I learned about pomegranates because a Russian ballerina became beloved by enthusiastic Australians.  “Hold on there, Monica, that’s quite a jump between Aussies and pomegranates, how do you figure that?”

It does sound like chaos theory, the whole “butterfly flaps its wings in the Amazonian jungle, and a storm ravages half of Europe” thing, except both a ballerina and a pomegranate are bigger than a butterfly.  Although the ballerina was supposed to be as light on her feet as a butterfly.  Anna Pavlova was the first Russian prima ballerina to travel around the world a hundred years ago, bringing her dance to people in many countries who had never seen ballet before,
including Australia and New Zealand.  Despite her problems with high arches and gangly legs, she inspired chefs to whip up a meringue dessert that is the proud feature of many Christmas dinners down under.  One benefit is that they don’t have to cook it at a high temperature in the middle of the summer, another is that it is great with fruit, especially pomegranates.  Pavlova is to Australia and New Zealand what pancakes with maple syrup is to Canadians, served up with bacon on the side.  Alberta’s equivalent would be a barbecue with Grade A beef, beans and baked potatoes. Slavic countries would have their piroshky and halopchi, scots would have their haggis and champit tatties, and Newfoundlanders would have their Jiggs dinners.

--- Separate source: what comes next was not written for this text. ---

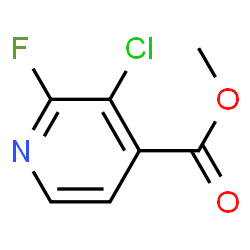 Methyl 3-chloro-2-fluoroisonicotinate picture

Great food takes time and tradition to get right.  It’s hard to cook up a great pavlova in Canada, our sugar and flour is a little different than the Aussie stuff. Canadian recipes for dressing or Christmas fruitcake are handed down from generation to generation, with edits and fine tuning according to taste.  Learning how to make a Jiggs Dinner with its all-important garnish of pease pudding has been a real learning curve for us Albertans more familiar with Bannock or perogies.

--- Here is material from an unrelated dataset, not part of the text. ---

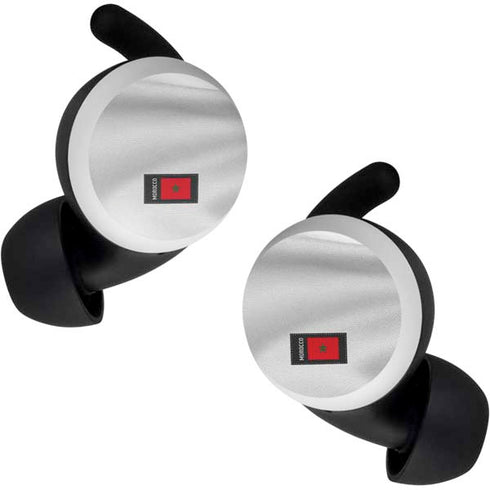 Morocco Soccer Flag Google Pixel Buds Skin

We like cooking up meals for those we love and care for, but no one recipe will work with every family.  Our tastes and traditions are almost chaotic in the variety we show.  Not unlike love, in a way.  Joseph showed love by planning not to make a public example of Mary, shaming her in front of her friends and family for not showing fidelity to him throughout their engagement.  Sparing her this embarrassment was his way of loving her.  And it was solely his decision.  He was the only authority to decide her fate.  If he had been an angry, vengeful man, he could have had her executed for her infidelity.  There’s no Cousin Elizabeth in the Matthew passage for her to run to.  In fact, about the only thing Matthew and Luke agree on about the Christmas story is that Jesus was born in Bethlehem.  Matthew has no shepherds or angel choirs or censuses or inns, Luke has no wise visitors or trips to Egypt.  They both share long genealogies, Luke focusing on Mary’s lineage, and Matthew has Joseph’s family tree.

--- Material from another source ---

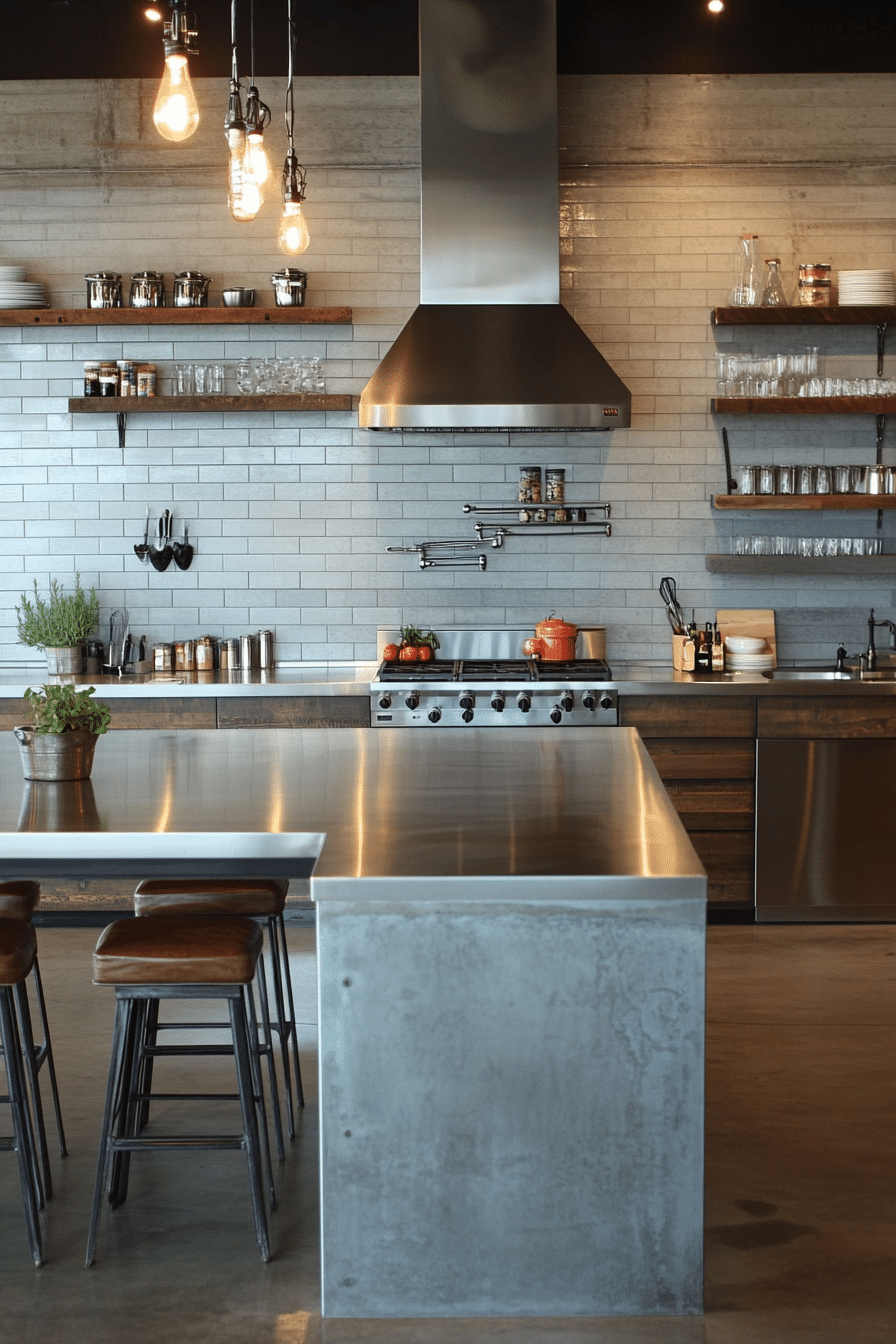 19 Industrial Farmhouse Kitchen Ideas for a Perfect Fusion of Styles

That family tree is fascinating, because with the scandal of Mary’s pregnancy, Matthew mentions several other scandalous women.  Bathsheba, whose pregnancy almost destroyed David’s rule over Israel and caused chaos in his family.  Tamar, whose pregnancy was also seen also as a betrayal of her marriage oaths and punishable by death until she revealed who the father was.  Women who were at the mercy of a man’s decision and who had no choice in what would happen to her in that rigid patriarchal system that valued women solely by the offspring they could produce for their tribe.  Joseph was fully shaped by that patriarchy, that cultural expectation of what it meant to be a man and a father in ancient Israel. 

And yet, and yet.  Just as God messed with Abraham and Sarah’s comfortable life, just as God called Moses and Miriam to challenge slavery, God threw chaos into the patriarchal system.  God sent Joseph a dream.

Joseph’s dream wasn’t just about breaking his personal expectations, it was a culture-shaking moment, a major paradigm shift in how women were to be honored and respected.  It was a dream of radical inclusion, a challenge of the status quo, and an inspiration for the future.  Love was not going to be boxed up in a one-size fits all rule for all time.  His dream was a chaotic disruption of a long-standing tradition.  Which is what Advent is all about.  Recognizing when God’s chaos shakes us out of the traditions we may be taking for granted, the traditions that may not be loving or life-giving for everyone in our culture.  The traditions of making shortbread when we’re called to invent pavlova.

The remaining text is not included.